• [PROVIDED DATA]
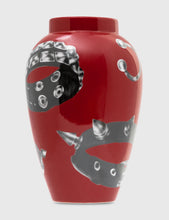 Supreme "Dog Collar" Vase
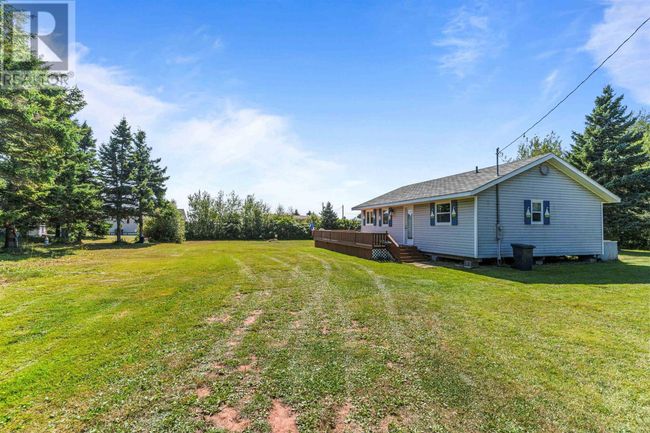 60 Isidore Lane, Home with 3 bedrooms, 1 bathrooms and null parking in Union Corner PE | Image 21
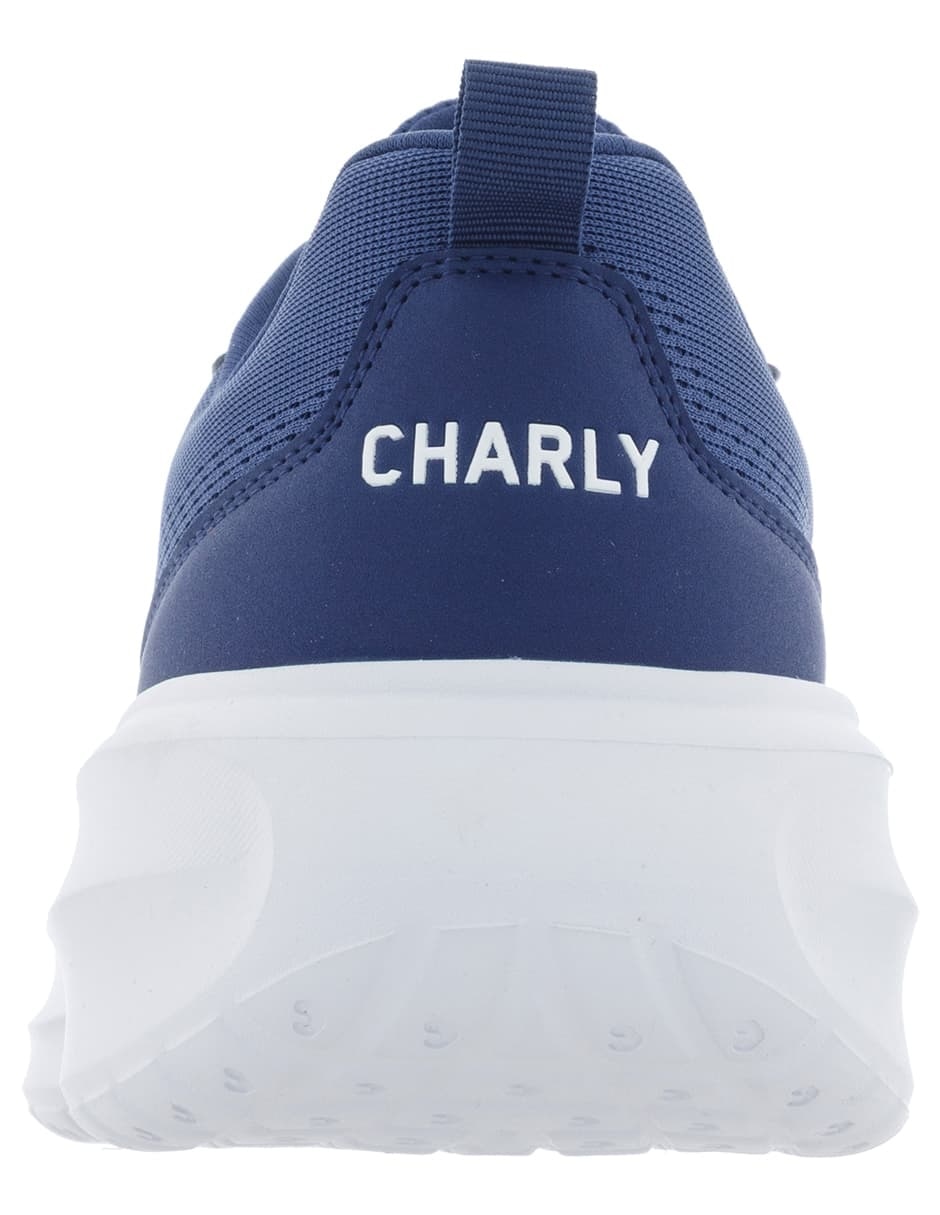 Tenis Road Casual de hombre para correr 3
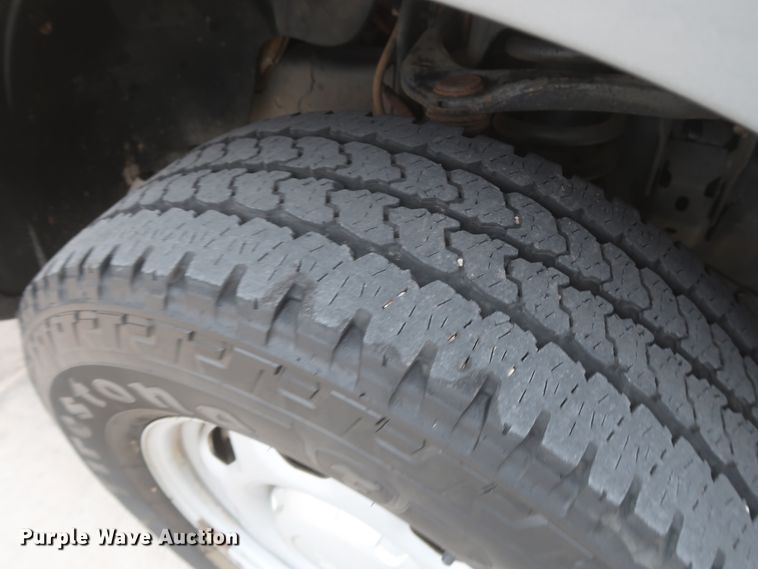 image for item HW9002 2014 Ford F150  SuperCab pickup truck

• [ACTIVITY] Exclude all images and retype the data precisely.

• [ANSWER SECTION]
 Supreme "Dog Collar" Vase
 60 Isidore Lane, Home with 3 bedrooms, 1 bathrooms and null parking in Union Corner PE | Image 21
 Tenis Road Casual de hombre para correr 3
 image for item HW9002 2014 Ford F150  SuperCab pickup truck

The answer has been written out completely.